§ **WHAT YOU NEED TO DO**: Please output exactly the part of the records below that opens with the line containing "秧苗插下去十五日施什么肥" and closes with the line containing "フトアゴヒゲトカゲ ヤング【シトラスイエロー】国内CB - ペット", both lines included, and nothing else.

§ **RECORDS SUPPLIED**:
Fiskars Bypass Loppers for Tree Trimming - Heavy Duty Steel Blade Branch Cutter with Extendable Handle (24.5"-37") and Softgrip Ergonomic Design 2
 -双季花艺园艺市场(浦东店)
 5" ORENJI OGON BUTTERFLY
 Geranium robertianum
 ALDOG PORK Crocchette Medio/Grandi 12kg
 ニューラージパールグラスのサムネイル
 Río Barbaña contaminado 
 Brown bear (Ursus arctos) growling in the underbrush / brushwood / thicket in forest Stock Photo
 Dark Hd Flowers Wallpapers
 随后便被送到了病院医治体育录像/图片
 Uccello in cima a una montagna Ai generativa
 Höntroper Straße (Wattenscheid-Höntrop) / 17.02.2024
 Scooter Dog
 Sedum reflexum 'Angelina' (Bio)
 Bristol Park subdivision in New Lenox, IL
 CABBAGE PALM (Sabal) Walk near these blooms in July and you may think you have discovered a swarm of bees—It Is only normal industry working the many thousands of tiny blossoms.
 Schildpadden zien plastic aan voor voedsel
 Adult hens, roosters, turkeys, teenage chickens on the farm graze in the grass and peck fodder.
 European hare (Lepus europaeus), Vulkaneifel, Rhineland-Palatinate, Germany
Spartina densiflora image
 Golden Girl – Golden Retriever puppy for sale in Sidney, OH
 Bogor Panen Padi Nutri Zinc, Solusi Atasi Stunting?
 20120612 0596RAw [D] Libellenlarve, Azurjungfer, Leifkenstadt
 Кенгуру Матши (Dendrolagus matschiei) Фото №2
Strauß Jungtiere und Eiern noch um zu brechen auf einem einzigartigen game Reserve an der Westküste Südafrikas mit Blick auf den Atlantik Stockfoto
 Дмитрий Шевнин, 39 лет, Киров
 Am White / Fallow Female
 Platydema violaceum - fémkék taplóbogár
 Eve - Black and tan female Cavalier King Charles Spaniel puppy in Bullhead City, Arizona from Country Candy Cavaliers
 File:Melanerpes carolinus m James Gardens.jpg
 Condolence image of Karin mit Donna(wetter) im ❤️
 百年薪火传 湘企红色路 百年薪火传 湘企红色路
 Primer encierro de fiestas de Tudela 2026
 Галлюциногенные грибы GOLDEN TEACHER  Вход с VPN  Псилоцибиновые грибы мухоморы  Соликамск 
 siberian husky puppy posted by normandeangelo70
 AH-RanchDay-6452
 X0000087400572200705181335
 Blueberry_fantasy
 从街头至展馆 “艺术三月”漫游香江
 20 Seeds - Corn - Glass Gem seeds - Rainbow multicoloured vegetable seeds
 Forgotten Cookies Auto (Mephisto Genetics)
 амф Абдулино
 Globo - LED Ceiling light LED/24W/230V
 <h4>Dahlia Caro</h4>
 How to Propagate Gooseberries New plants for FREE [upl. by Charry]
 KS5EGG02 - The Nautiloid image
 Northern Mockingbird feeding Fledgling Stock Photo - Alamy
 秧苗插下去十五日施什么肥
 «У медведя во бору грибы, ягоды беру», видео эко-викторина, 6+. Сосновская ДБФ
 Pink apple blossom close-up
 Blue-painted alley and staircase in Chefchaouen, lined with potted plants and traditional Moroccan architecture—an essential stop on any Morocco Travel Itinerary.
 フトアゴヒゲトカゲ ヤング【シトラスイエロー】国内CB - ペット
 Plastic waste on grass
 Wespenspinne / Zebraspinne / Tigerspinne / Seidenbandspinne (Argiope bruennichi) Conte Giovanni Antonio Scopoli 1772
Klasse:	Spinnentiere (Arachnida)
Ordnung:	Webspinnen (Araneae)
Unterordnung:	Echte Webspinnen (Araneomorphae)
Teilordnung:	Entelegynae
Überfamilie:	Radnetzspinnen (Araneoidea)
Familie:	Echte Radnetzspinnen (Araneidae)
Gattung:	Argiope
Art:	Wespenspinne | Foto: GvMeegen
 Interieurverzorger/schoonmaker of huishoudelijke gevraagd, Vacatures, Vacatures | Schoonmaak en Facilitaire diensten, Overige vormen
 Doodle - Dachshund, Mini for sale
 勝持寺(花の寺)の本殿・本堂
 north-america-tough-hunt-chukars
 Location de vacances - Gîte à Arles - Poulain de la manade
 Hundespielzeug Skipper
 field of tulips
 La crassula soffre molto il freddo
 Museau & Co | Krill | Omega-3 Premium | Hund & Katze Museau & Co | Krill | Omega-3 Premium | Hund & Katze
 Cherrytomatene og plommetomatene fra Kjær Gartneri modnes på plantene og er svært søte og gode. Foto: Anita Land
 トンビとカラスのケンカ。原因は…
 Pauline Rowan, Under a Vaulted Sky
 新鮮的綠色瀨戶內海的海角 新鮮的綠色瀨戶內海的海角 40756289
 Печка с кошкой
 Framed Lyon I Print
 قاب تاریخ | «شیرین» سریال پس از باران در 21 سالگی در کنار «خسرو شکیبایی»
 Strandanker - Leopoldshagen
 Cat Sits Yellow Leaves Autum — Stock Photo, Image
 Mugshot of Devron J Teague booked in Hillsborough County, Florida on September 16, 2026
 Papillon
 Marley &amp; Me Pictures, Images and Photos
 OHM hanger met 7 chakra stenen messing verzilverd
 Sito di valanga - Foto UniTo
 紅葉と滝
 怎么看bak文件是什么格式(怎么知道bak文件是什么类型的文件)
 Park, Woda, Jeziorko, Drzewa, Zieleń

§ **SOLUTION TO THE PROBLEM**:
 秧苗插下去十五日施什么肥
 «У медведя во бору грибы, ягоды беру», видео эко-викторина, 6+. Сосновская ДБФ
 Pink apple blossom close-up
 Blue-painted alley and staircase in Chefchaouen, lined with potted plants and traditional Moroccan architecture—an essential stop on any Morocco Travel Itinerary.
 フトアゴヒゲトカゲ ヤング【シトラスイエロー】国内CB - ペット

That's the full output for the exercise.